ASSIGNMENT
Whatever lines the data contains, output all of them unchanged.

════

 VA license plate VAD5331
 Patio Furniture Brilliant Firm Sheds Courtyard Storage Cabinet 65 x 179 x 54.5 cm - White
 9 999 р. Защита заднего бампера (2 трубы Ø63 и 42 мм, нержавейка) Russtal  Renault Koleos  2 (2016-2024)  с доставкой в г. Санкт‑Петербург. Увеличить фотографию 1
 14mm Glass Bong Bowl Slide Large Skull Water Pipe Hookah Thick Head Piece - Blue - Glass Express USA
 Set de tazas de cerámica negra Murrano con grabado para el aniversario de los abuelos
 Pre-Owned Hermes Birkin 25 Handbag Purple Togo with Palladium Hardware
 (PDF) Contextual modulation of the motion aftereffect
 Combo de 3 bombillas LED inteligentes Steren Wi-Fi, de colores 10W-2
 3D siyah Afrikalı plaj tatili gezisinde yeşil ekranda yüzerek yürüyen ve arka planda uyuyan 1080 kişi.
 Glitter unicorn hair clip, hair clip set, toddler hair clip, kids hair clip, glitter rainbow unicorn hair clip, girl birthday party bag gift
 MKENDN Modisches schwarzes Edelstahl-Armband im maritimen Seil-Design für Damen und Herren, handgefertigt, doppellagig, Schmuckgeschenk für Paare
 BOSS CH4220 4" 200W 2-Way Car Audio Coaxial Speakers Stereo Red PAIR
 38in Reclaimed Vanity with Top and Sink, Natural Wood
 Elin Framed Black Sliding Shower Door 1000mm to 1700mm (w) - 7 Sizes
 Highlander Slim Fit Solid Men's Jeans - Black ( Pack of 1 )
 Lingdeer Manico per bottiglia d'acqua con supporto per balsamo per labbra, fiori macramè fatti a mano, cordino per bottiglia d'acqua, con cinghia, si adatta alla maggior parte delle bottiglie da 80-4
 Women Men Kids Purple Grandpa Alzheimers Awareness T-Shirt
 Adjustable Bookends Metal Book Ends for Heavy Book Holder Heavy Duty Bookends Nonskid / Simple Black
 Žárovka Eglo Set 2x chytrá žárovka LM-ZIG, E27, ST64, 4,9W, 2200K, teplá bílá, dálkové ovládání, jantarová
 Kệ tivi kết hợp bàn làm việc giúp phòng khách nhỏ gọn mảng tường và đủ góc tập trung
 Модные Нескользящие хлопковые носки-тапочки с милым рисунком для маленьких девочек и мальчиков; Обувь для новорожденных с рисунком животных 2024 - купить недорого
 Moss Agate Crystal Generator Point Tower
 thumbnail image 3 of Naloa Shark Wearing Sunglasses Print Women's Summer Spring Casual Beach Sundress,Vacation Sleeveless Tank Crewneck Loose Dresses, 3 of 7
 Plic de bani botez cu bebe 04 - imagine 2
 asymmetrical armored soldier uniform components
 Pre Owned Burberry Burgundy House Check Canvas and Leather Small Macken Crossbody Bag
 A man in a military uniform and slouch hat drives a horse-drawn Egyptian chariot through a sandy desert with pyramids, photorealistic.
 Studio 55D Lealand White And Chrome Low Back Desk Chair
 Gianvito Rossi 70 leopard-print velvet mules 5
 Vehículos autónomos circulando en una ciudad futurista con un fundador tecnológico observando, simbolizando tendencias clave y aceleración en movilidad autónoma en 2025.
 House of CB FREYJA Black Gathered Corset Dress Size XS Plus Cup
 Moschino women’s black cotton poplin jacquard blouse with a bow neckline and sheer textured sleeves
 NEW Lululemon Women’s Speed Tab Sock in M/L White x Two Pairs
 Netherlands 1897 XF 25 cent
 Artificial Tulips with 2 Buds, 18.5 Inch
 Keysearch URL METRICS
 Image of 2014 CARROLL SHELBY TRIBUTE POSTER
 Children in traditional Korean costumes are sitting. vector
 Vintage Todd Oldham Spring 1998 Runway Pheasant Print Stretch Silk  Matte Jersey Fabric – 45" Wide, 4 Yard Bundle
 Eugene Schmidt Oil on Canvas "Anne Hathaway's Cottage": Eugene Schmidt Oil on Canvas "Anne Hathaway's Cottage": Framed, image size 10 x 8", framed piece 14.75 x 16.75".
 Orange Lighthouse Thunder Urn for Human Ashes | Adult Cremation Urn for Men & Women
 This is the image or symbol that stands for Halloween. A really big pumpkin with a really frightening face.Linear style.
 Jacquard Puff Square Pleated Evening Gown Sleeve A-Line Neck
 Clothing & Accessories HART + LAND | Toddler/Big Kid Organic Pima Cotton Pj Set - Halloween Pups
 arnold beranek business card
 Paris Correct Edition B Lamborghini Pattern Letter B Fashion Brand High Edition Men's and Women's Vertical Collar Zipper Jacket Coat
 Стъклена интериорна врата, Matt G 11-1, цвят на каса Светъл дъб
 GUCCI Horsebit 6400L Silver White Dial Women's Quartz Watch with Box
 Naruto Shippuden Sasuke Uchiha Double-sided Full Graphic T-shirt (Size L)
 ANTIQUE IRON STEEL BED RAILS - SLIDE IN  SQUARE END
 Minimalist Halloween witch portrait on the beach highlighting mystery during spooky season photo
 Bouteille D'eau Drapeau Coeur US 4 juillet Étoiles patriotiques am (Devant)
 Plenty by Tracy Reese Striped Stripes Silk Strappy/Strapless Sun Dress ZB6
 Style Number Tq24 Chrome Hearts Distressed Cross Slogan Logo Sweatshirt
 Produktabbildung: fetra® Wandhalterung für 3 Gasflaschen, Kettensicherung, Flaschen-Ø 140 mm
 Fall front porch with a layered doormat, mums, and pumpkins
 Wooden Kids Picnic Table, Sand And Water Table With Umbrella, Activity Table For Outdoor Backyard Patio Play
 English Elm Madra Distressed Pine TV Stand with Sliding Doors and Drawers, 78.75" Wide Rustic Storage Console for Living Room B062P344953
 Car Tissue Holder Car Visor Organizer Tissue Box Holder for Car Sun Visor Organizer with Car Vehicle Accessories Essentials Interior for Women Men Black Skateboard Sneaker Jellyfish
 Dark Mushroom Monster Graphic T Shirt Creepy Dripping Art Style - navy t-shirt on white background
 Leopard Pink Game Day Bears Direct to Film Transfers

════

SOLUTION TO THIS PROBLEM
 VA license plate VAD5331
 Patio Furniture Brilliant Firm Sheds Courtyard Storage Cabinet 65 x 179 x 54.5 cm - White
 9 999 р. Защита заднего бампера (2 трубы Ø63 и 42 мм, нержавейка) Russtal  Renault Koleos  2 (2016-2024)  с доставкой в г. Санкт‑Петербург. Увеличить фотографию 1
 14mm Glass Bong Bowl Slide Large Skull Water Pipe Hookah Thick Head Piece - Blue - Glass Express USA
 Set de tazas de cerámica negra Murrano con grabado para el aniversario de los abuelos
 Pre-Owned Hermes Birkin 25 Handbag Purple Togo with Palladium Hardware
 (PDF) Contextual modulation of the motion aftereffect
 Combo de 3 bombillas LED inteligentes Steren Wi-Fi, de colores 10W-2
 3D siyah Afrikalı plaj tatili gezisinde yeşil ekranda yüzerek yürüyen ve arka planda uyuyan 1080 kişi.
 Glitter unicorn hair clip, hair clip set, toddler hair clip, kids hair clip, glitter rainbow unicorn hair clip, girl birthday party bag gift
 MKENDN Modisches schwarzes Edelstahl-Armband im maritimen Seil-Design für Damen und Herren, handgefertigt, doppellagig, Schmuckgeschenk für Paare
 BOSS CH4220 4" 200W 2-Way Car Audio Coaxial Speakers Stereo Red PAIR
 38in Reclaimed Vanity with Top and Sink, Natural Wood
 Elin Framed Black Sliding Shower Door 1000mm to 1700mm (w) - 7 Sizes
 Highlander Slim Fit Solid Men's Jeans - Black ( Pack of 1 )
 Lingdeer Manico per bottiglia d'acqua con supporto per balsamo per labbra, fiori macramè fatti a mano, cordino per bottiglia d'acqua, con cinghia, si adatta alla maggior parte delle bottiglie da 80-4
 Women Men Kids Purple Grandpa Alzheimers Awareness T-Shirt
 Adjustable Bookends Metal Book Ends for Heavy Book Holder Heavy Duty Bookends Nonskid / Simple Black
 Žárovka Eglo Set 2x chytrá žárovka LM-ZIG, E27, ST64, 4,9W, 2200K, teplá bílá, dálkové ovládání, jantarová
 Kệ tivi kết hợp bàn làm việc giúp phòng khách nhỏ gọn mảng tường và đủ góc tập trung
 Модные Нескользящие хлопковые носки-тапочки с милым рисунком для маленьких девочек и мальчиков; Обувь для новорожденных с рисунком животных 2024 - купить недорого
 Moss Agate Crystal Generator Point Tower
 thumbnail image 3 of Naloa Shark Wearing Sunglasses Print Women's Summer Spring Casual Beach Sundress,Vacation Sleeveless Tank Crewneck Loose Dresses, 3 of 7
 Plic de bani botez cu bebe 04 - imagine 2
 asymmetrical armored soldier uniform components
 Pre Owned Burberry Burgundy House Check Canvas and Leather Small Macken Crossbody Bag
 A man in a military uniform and slouch hat drives a horse-drawn Egyptian chariot through a sandy desert with pyramids, photorealistic.
 Studio 55D Lealand White And Chrome Low Back Desk Chair
 Gianvito Rossi 70 leopard-print velvet mules 5
 Vehículos autónomos circulando en una ciudad futurista con un fundador tecnológico observando, simbolizando tendencias clave y aceleración en movilidad autónoma en 2025.
 House of CB FREYJA Black Gathered Corset Dress Size XS Plus Cup
 Moschino women’s black cotton poplin jacquard blouse with a bow neckline and sheer textured sleeves
 NEW Lululemon Women’s Speed Tab Sock in M/L White x Two Pairs
 Netherlands 1897 XF 25 cent
 Artificial Tulips with 2 Buds, 18.5 Inch
 Keysearch URL METRICS
 Image of 2014 CARROLL SHELBY TRIBUTE POSTER
 Children in traditional Korean costumes are sitting. vector
 Vintage Todd Oldham Spring 1998 Runway Pheasant Print Stretch Silk  Matte Jersey Fabric – 45" Wide, 4 Yard Bundle
 Eugene Schmidt Oil on Canvas "Anne Hathaway's Cottage": Eugene Schmidt Oil on Canvas "Anne Hathaway's Cottage": Framed, image size 10 x 8", framed piece 14.75 x 16.75".
 Orange Lighthouse Thunder Urn for Human Ashes | Adult Cremation Urn for Men & Women
 This is the image or symbol that stands for Halloween. A really big pumpkin with a really frightening face.Linear style.
 Jacquard Puff Square Pleated Evening Gown Sleeve A-Line Neck
 Clothing & Accessories HART + LAND | Toddler/Big Kid Organic Pima Cotton Pj Set - Halloween Pups
 arnold beranek business card
 Paris Correct Edition B Lamborghini Pattern Letter B Fashion Brand High Edition Men's and Women's Vertical Collar Zipper Jacket Coat
 Стъклена интериорна врата, Matt G 11-1, цвят на каса Светъл дъб
 GUCCI Horsebit 6400L Silver White Dial Women's Quartz Watch with Box
 Naruto Shippuden Sasuke Uchiha Double-sided Full Graphic T-shirt (Size L)
 ANTIQUE IRON STEEL BED RAILS - SLIDE IN  SQUARE END
 Minimalist Halloween witch portrait on the beach highlighting mystery during spooky season photo
 Bouteille D'eau Drapeau Coeur US 4 juillet Étoiles patriotiques am (Devant)
 Plenty by Tracy Reese Striped Stripes Silk Strappy/Strapless Sun Dress ZB6
 Style Number Tq24 Chrome Hearts Distressed Cross Slogan Logo Sweatshirt
 Produktabbildung: fetra® Wandhalterung für 3 Gasflaschen, Kettensicherung, Flaschen-Ø 140 mm
 Fall front porch with a layered doormat, mums, and pumpkins
 Wooden Kids Picnic Table, Sand And Water Table With Umbrella, Activity Table For Outdoor Backyard Patio Play
 English Elm Madra Distressed Pine TV Stand with Sliding Doors and Drawers, 78.75" Wide Rustic Storage Console for Living Room B062P344953
 Car Tissue Holder Car Visor Organizer Tissue Box Holder for Car Sun Visor Organizer with Car Vehicle Accessories Essentials Interior for Women Men Black Skateboard Sneaker Jellyfish
 Dark Mushroom Monster Graphic T Shirt Creepy Dripping Art Style - navy t-shirt on white background
 Leopard Pink Game Day Bears Direct to Film Transfers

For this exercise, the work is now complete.